Outsourcing is when a company hires an external third party to do work that it otherwise would have done in-house. Companies typically do this to save money, finding a third party who can do the same work for less than the company would have spent employing its own staff.
There are a few key points to understand about outsourcing:
• First, contrary to popular impression, outsourcing does not automatically refer to sending jobs overseas. While a company might outsource work to a foreign company, it can just as easily outsource to a firm down the street. Outsourcing overseas is called "offshoring."
• Second, and relatedly, outsourced labor is not always done off-site. An outsourced contractor might still bring its staff into the company's building. For example, a company might outsource its technical support department. In this case, the company would lay off its own technicians and the service provider would bring its staff into the offices.
• Third, outsourcing is not restricted to manufacturing and call centers. Companies can outsource virtually any part of their business model.
• Finally, outsourcing is not the same thing as purchasing a product or service. While the distinction can sometimes be fine, outsourcing refers specifically to finding a third party to do work the company would otherwise have done itself. A law firm is not outsourcing when it buys paper plates, since it would never have manufactured this product on its own.
Typically, the clearest signal of outsourcing is when a firm lays off staff, since this is an indicator that the company considers their function a part of its business model.
For example, consider Widget Co. As a cost-cutting measure the firm might outsource its administrative staff to Admins Inc. Instead of hiring its own receptionists, then, Widget Co. would rely on staff provided by Admins Inc. This would be outsourcing in action.
Why Do Companies Outsource?
Most companies rely on outsourcing to at least some degree. Usually this means hiring an outside firm to handle issues such as human resource management, accounting, benefits management, technology, component manufacture and more.
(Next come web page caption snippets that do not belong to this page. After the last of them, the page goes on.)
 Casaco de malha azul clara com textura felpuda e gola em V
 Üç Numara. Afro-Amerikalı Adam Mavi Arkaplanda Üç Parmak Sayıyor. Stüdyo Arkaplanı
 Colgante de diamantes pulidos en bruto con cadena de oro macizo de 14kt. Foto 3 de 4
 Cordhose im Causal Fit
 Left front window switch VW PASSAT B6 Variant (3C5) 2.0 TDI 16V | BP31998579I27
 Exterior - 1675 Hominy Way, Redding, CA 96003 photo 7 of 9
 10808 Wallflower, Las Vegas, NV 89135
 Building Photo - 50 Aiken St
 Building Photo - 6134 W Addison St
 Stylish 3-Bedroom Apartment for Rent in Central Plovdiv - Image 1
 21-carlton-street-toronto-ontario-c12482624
There are a few reasons why a company might do this, including but not limited to:
• First, and most common, a company might outsource to save money.
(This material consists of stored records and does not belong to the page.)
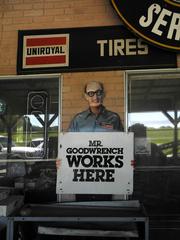 Route 66 Motors and Gift Shop in St. James, Missouri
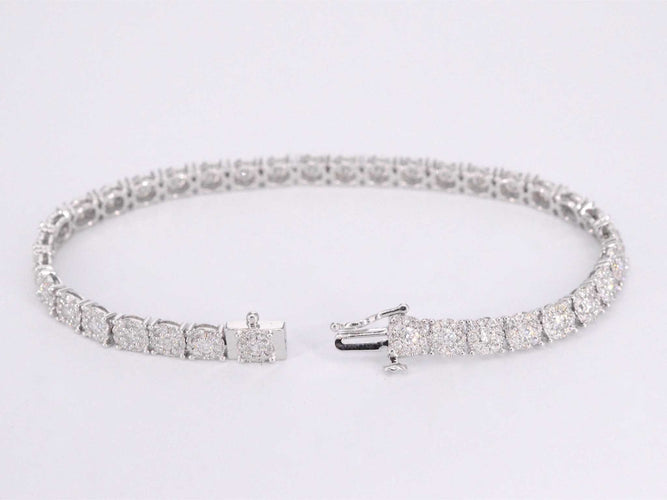Bracelet Bracelet tennis en or blanc avec diamants 58 Facettes 2036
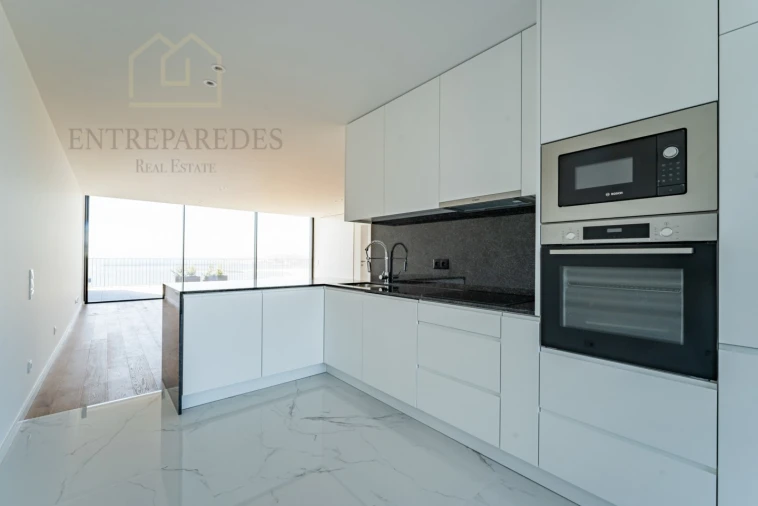 Apartamento T4 para Venda em Canidelo Foto 46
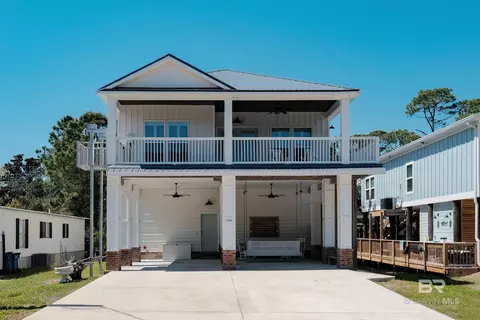 5517 Bear Point Ave, Orange Beach, AL 36561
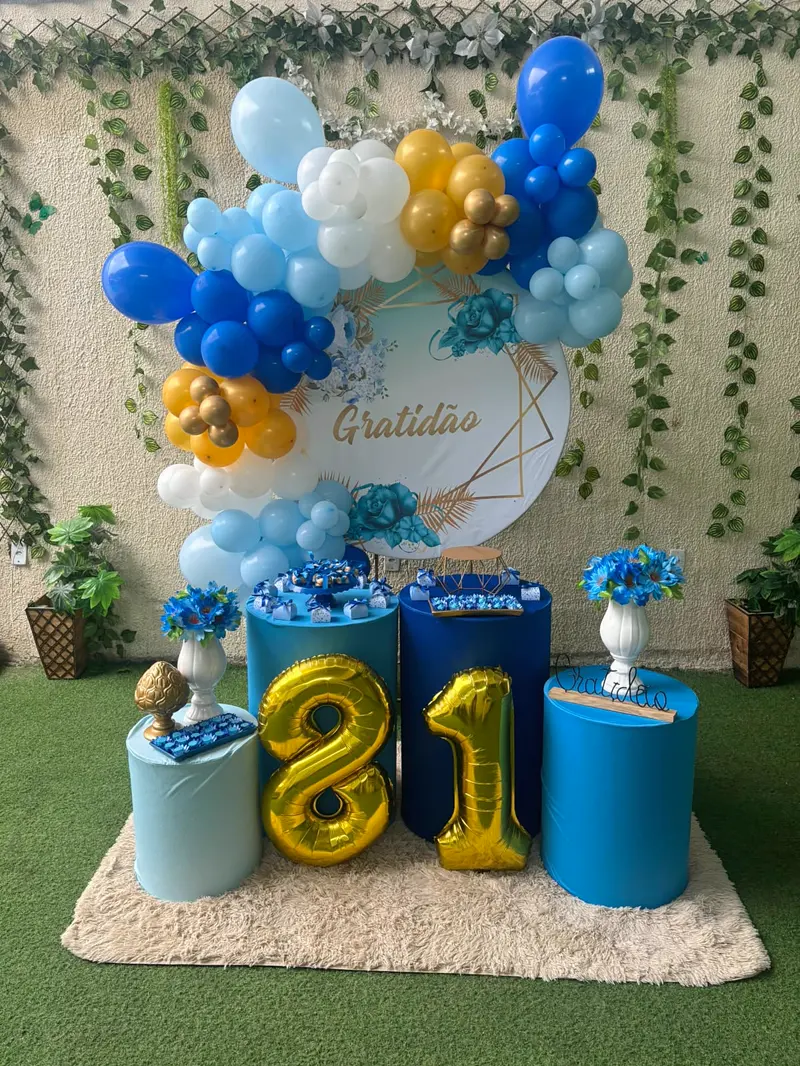 Aniversário de 21 anos em azul e dourado em frente ao jardim vertical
In most cases this means that the third party can provide the product or service more efficiently than the company could do so itself.
Exactly how the third party does so is case-specific. A third party might take advantage of economies of scale, for example, doing something more cheaply because it focuses entirely on this one service. Or the third party might allow a firm to split costs on a service it relies on relatively rarely. For example, a midsize company might feel like it only really needs IT support for 10 hours a week. In this case it would be wasteful to hire someone full time.
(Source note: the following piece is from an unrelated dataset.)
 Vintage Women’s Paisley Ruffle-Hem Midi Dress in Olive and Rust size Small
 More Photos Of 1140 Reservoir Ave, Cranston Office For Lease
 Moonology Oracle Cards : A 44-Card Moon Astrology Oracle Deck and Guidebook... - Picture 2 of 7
Or, a car company might outsource manufacturing brake pads to a third party vendor, feeling like this vendor can make the component more cheaply than it could do so itself.
• Second, a company might outsource for expertise.
Many specialty services firms are built on the business model of expertise outsourcing. For example, a company could hire its own accountants or in-house counsel to handle financial and legal matters. It might, however, outsource these functions to an accounting or legal firm in a belief that these specialty firms can provide a higher quality of service.
• Third, a company might outsource in order to keep up with its own growth or avoid complications.
If a company has grown quickly, it is often easier to outsource key functions than to hire and train staff. In this case, the company is simply trying to keep up with its own rate of change and may feel like it's easier to reach for a third party that can provide pre-built corporate functions as necessary.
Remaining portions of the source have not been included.